Ausgelöst durch Charles Perraults These von der Überlegenheit der Epoche Ludwigs XIV. gegenüber der Antike, spezifizierte sich dieser Wettstreit ab 1687 historisch als ein diachroner Vergleich von Antike und Moderne beziehungsweise als eine Kontroverse um die Relevanz und Gültigkeit antikischer Kunstmaßstäbe und -ideale für die Gegenwart. In Deutschland sehr genau verfolgt und debattiert, erfuhr dieser Streit in Friedrich Schillers Schrift Über naive und sentimentalische Dichtung einen nachgetragenen Höhepunkt.[45]

Die Geschichte der Beziehung von Text und Bild, Literatur und bildender Kunst ist also von Anfang an gekennzeichnet von Debatten über ihre Komplementarität, Defizienz oder Vorrangigkeit und nicht zuletzt über Ähnlichkeitsbeziehungen.

Je nach präfigurierendem Turn kehrt sich das Verhältnis von Defizienz und Vorrangigkeit um; was als besondere maßstabsbildende Qualität des ›stummen‹ Bildes apostrophiert wurde – auf den Dichter Simonides soll das Aperçu zurückgehen, ein Bild sei schweigende Dichtung, die Dichtung sprechende Bildkunst[46] –, kann nach einem Paradigmenwechsel als Mangel ausgewiesen werden, den zu kompensieren nur das Wort vermag und vice versa.

Die Beziehung zwischen Text und Bild, Literatur und bildender Kunst ist jedenfalls keine ungestörte. An der Divergenz von Metapher und Bild[47] und einem differenzierten Bild-Begriff – der Frage zum Beispiel, was überhaupt ein Bild ist und wie sich das Bild als physisch äußeres Bild (Fotografie, Gemälde etc.) von einem inneren Bild (der Vorstellung) unterscheidet – arbeiten sich die verschiedenen Bildtheorien ab.[48]
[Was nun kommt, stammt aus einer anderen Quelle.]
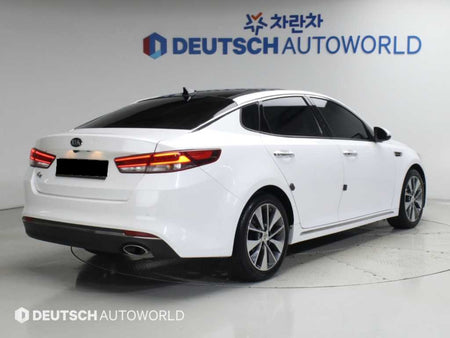 Kia K5 — photo 02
Die Verschiebung der »Funktion der Sprache von der Objektdarstellung hin zu einem interpretationsbedürftigen Code« trägt ab dem 15., spätestens 16. Jahrhundert dazu bei, »daß alle Kunst zum interpretierbaren Text wird, selbst wenn – für eine Welt, die noch auf sicheren metaphysischen Grundfesten ruhte – die Interpretation vorgegeben war«.[49]

Die Literatur bzw. Sprachkunst und mit ihr die Ekphrasis bzw. das ekphrastische Prinzip erleben während der Renaissance einen emanzipatorischen Höhepunkt, der sie im Selbstverständnis als ästhetisch-epistemologischer Hybrid aus Geistigem und Sinnlichem gleichsam an die Spitze der Künste setzt. Ihr emanzipatorischer Affront gegen die in der Tradition Platons stehende höhere Valorisierung der »visuellen Epistemologie«[50] – in seiner Schrift Kratylos unterschied Platon erstmals zwischen natürlichen und arbiträren Zeichen – wird dann allerdings durch die im späten 17. Jahrhundert wieder propagierte und praktizierte Mimesis-Doktrin[51], die auch große Bedeutung für die erste Hälfte des 18. Jahrhunderts hatte, zurückgedrängt zugunsten einer umgekehrten Hierarchisierung der Künste mit der Folge, dass nach Maßgabe der vorherrschenden (Theorie der) Ästhetik die bildenden Künste, allen voran die Bildhauerei, die Sprachkünste unter die Defensive der »ut pictura poesis« subordinierte. Als Medium hat die Literatur rezeptionsästhetisch zu verschwinden und das Gesagte als Gezeigtes transparent zu machen. Allerdings war auch diese Positionierung des nachantiken Paragone nicht unangefochten, gab es doch zum Beispiel in Edmund Burke einen großen Fürsprecher der Literatur, der mit starken Argumenten der semiotischen Unbestimmtheit des arbiträren sprachlichen Zeichens für eine Vorrangstellung des Literarischen optierte, das eben nicht »durch die physischen Grenzen ihres Nachahmungsobjekts eingeschränkt wird« und in der Prävalenz des Erhabenen vor dem nur Schönen seinen Ausdruck finden sollte.[52]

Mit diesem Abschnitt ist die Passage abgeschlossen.